:: Work request ::
What are the lines from the one with "HERO Dekirumon page 4 full" through the end of the records below, written out exactly and without the pictures?

Crawled caption data

*** Begin section ***

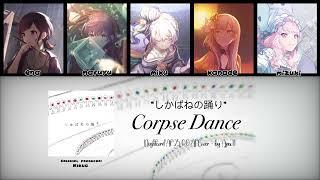 【Nightcord at 25:00】しかばねの踊り (Corpse Dance) || AI Cover [KAN/ROM/ENG Lyrics]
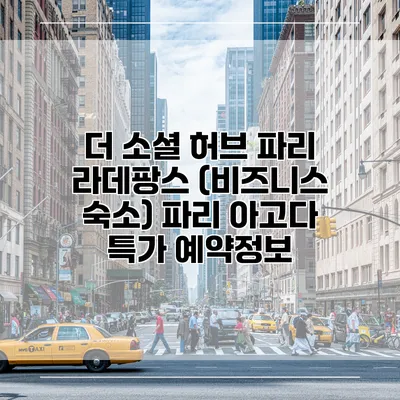 더 소셜 허브 파리 라데팡스 (비즈니스 숙소) 파리 아고다 특가 예약정보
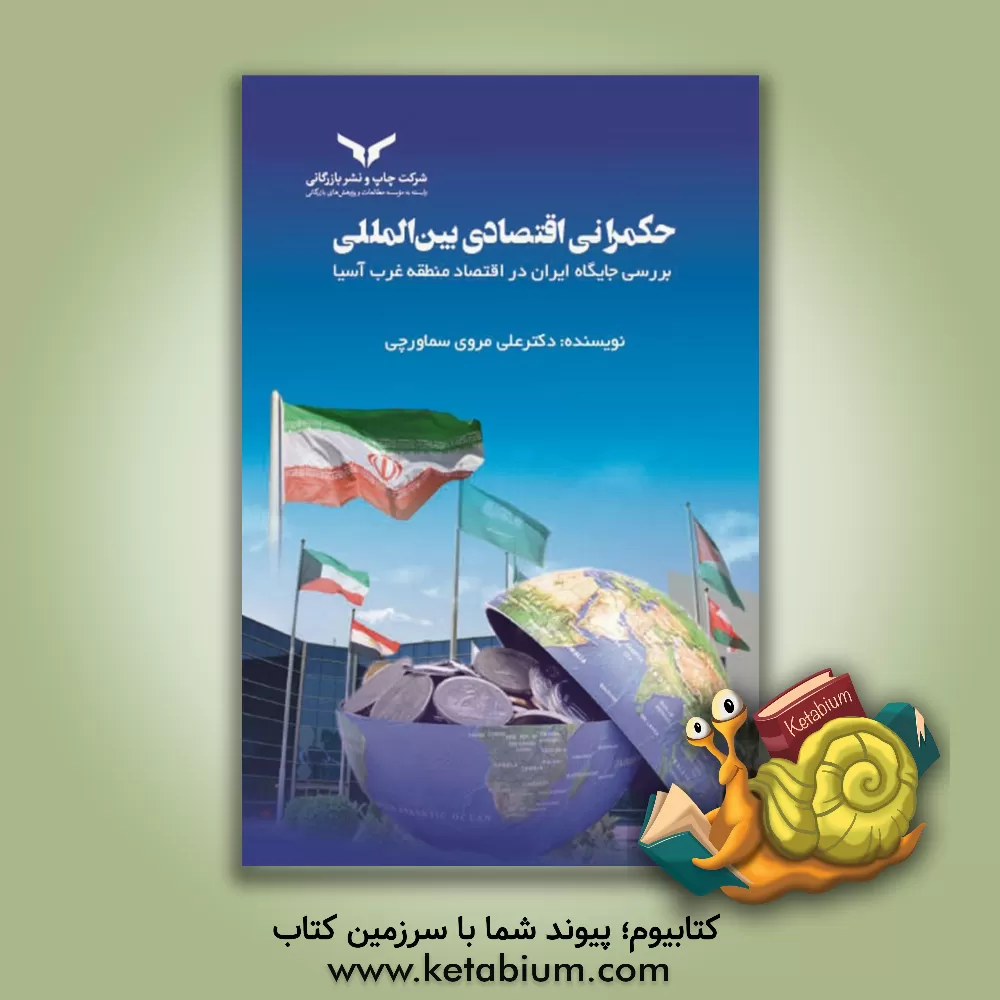 کتاب حکمرانی اقتصادی بین‌المللی: بررسی جایگاه ایران در اقتصاد منطقه غرب آسیا اثر علی مروی‌سماورچی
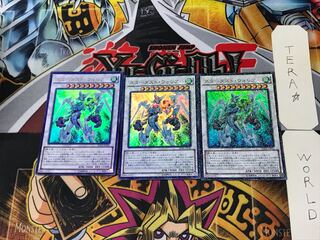 Stardust Assault Warrior 3 Ultra Set of 3 Tera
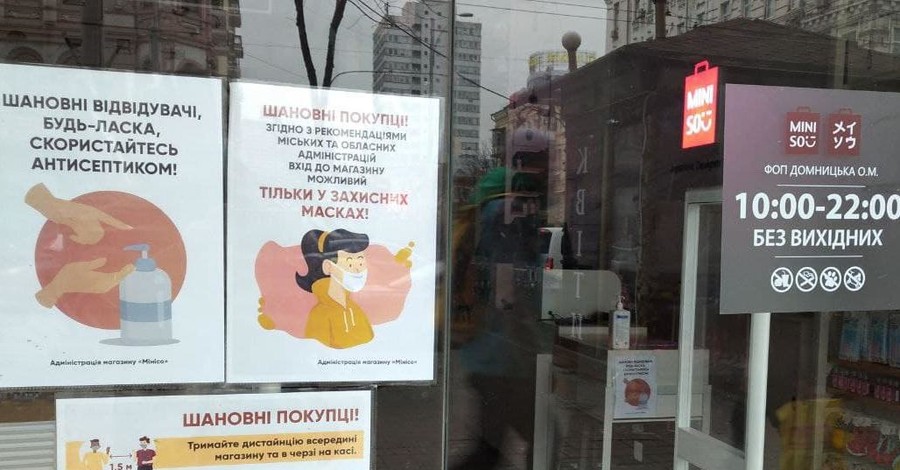 За сутки в Киеве от коронавируса выздоровело вдвое больше людей, чем заболело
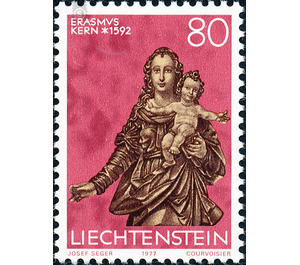 sculpture  - Liechtenstein 1977 - 80 Rappen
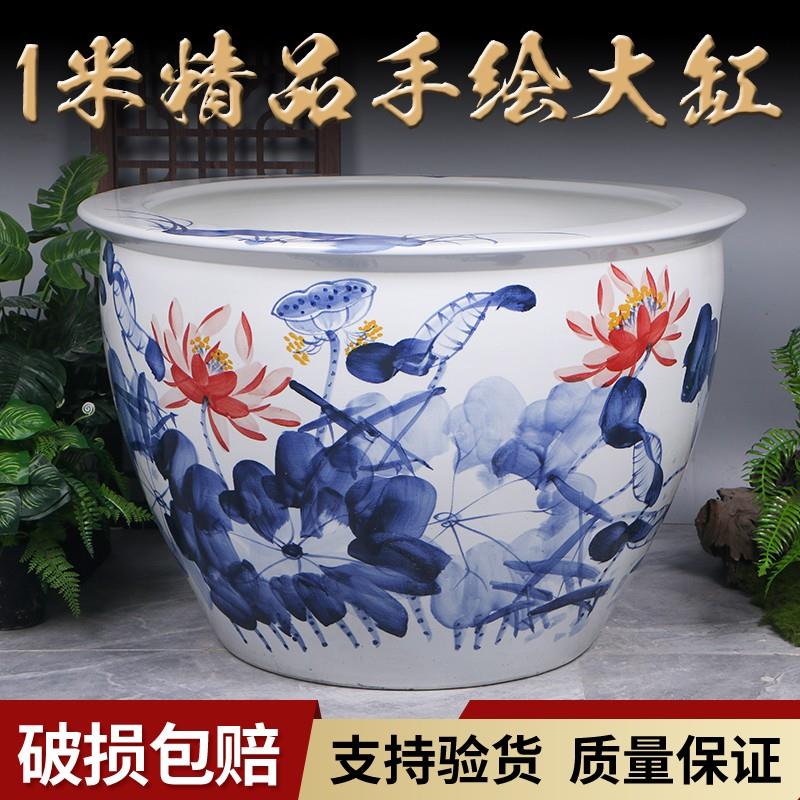 景德镇手绘陶瓷鱼缸客厅养鱼缸睡莲荷花碗莲缸乌龟大水缸庭院摆件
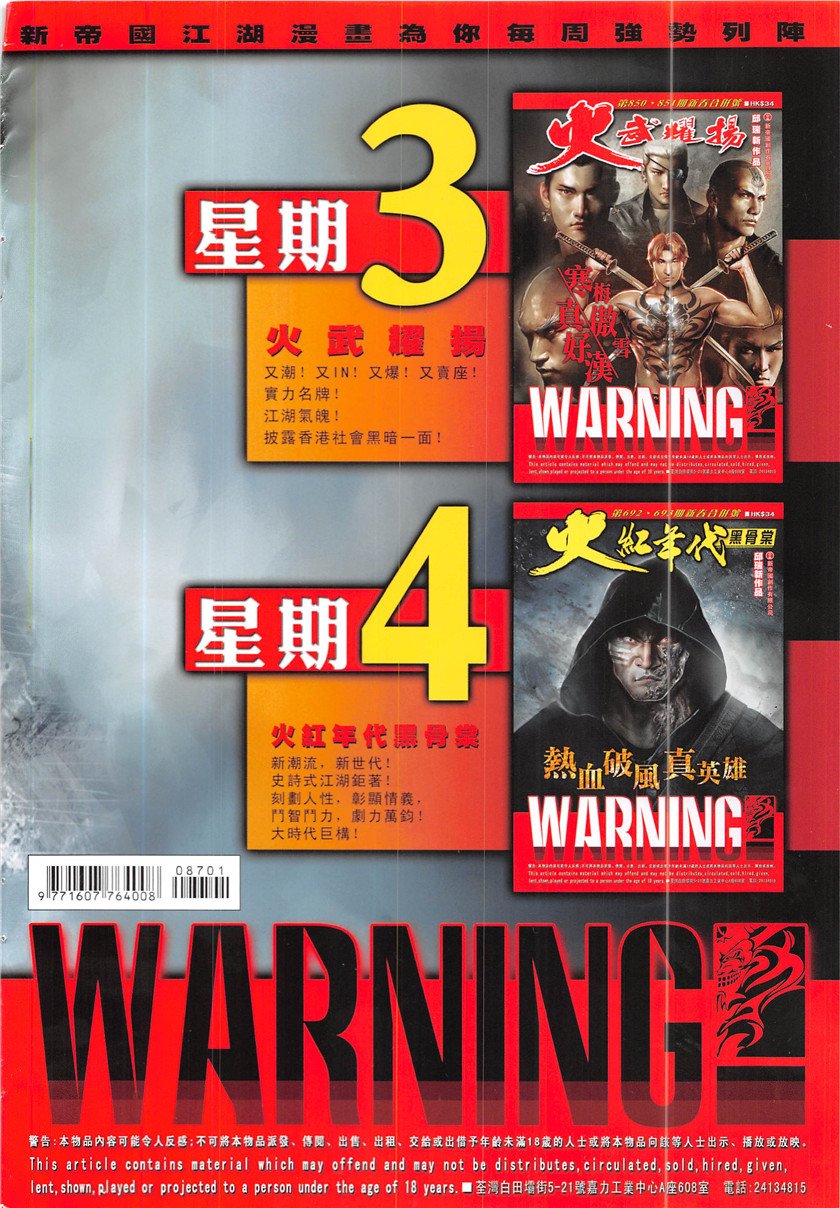 第870话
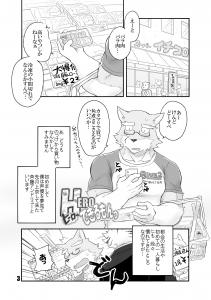 HERO Dekirumon page 4 full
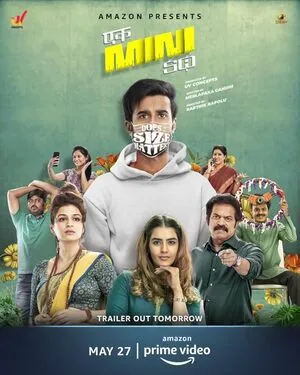Ek Mini Katha 2021 Hindi Dual Audio Ek Mini Katha 2021 Hindi Dual Audio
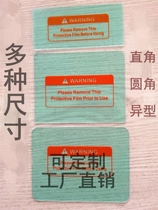 pc protective sheet automatic dimming mask consumables protective screen glass plastic lens protective lens consumables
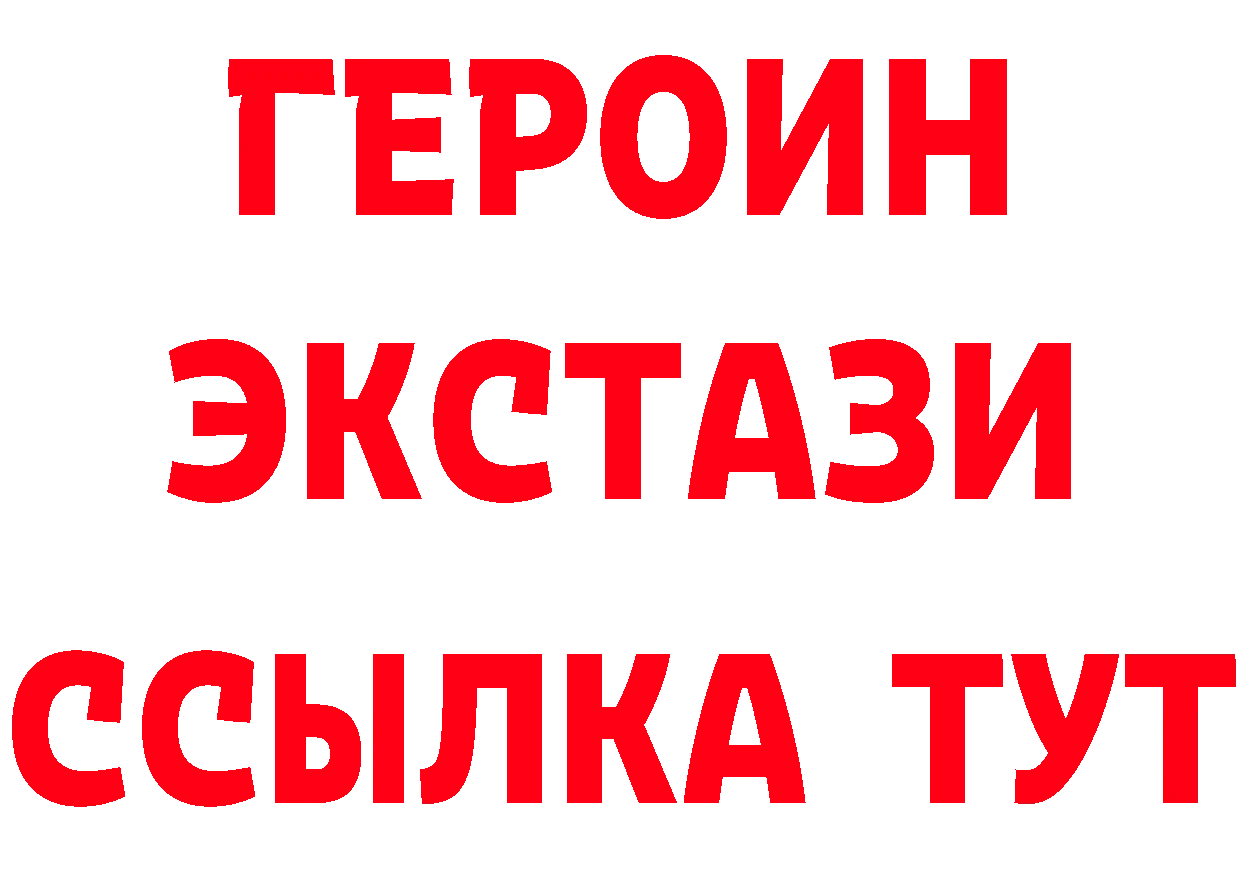 Бутират оксибутират зеркало мориарти omg Правдинск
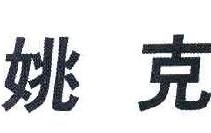 姚克 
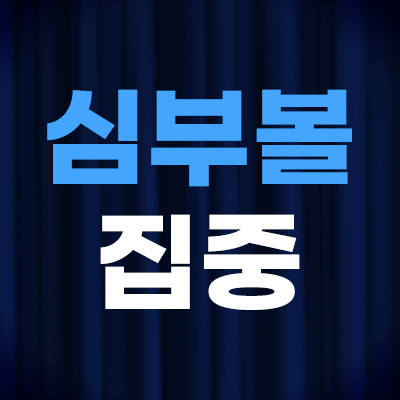 🎯심부볼 집중공략! 지금이 기회
인모드 4.5만원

*** End section ***

:: Exercise output ::
 HERO Dekirumon page 4 full
Ek Mini Katha 2021 Hindi Dual Audio Ek Mini Katha 2021 Hindi Dual Audio
 pc protective sheet automatic dimming mask consumables protective screen glass plastic lens protective lens consumables
 Бутират оксибутират зеркало мориарти omg Правдинск
 姚克 
 🎯심부볼 집중공략! 지금이 기회
인모드 4.5만원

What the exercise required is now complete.